Start of Data provided

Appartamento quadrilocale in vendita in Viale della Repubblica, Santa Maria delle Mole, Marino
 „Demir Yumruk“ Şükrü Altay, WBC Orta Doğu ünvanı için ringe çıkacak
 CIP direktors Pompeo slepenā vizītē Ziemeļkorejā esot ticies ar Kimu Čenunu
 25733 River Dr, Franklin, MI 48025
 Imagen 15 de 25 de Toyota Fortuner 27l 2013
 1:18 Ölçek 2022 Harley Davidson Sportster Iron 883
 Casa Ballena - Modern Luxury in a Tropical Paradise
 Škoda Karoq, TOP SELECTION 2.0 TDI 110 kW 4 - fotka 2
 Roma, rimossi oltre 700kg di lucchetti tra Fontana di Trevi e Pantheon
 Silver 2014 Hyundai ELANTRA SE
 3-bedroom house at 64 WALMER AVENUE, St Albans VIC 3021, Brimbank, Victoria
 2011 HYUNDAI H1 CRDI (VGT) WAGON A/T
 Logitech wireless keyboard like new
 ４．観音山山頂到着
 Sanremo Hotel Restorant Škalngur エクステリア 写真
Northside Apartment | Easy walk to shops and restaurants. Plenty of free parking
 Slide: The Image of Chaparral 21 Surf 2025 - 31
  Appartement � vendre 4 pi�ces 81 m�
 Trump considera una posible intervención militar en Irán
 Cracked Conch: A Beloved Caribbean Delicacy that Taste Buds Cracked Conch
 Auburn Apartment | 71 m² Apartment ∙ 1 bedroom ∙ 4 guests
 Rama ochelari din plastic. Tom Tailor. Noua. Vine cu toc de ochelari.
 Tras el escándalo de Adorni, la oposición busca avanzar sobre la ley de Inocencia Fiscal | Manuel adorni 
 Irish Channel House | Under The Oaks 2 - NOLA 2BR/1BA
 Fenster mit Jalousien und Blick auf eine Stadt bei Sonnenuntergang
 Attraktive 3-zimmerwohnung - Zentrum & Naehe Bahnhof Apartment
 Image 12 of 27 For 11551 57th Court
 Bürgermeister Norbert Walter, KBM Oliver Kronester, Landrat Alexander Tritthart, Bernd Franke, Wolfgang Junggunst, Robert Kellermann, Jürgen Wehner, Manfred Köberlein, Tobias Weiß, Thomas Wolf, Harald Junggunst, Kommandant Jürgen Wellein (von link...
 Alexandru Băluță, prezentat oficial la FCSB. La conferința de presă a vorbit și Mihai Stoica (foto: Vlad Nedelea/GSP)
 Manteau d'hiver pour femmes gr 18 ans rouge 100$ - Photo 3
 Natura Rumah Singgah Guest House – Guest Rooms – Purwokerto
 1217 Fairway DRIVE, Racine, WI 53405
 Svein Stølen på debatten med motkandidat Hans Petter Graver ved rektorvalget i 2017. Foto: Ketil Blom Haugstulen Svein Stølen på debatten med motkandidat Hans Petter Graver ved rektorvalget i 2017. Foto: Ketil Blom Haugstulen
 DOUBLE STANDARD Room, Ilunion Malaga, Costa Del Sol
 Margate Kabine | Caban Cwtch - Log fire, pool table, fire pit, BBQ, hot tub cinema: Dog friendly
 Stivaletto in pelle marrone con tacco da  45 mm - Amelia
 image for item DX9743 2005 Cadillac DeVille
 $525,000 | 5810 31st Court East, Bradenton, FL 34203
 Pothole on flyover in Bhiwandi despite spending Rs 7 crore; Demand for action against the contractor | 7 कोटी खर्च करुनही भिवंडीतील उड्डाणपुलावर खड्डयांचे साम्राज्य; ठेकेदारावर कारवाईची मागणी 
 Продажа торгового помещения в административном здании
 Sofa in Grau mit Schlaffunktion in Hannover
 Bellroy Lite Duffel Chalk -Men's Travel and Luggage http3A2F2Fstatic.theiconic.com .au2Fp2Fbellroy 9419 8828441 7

End of Data provided

I need each line from the listing where the word "bedroom" occurs.

Written solution.
 3-bedroom house at 64 WALMER AVENUE, St Albans VIC 3021, Brimbank, Victoria
 Auburn Apartment | 71 m² Apartment ∙ 1 bedroom ∙ 4 guests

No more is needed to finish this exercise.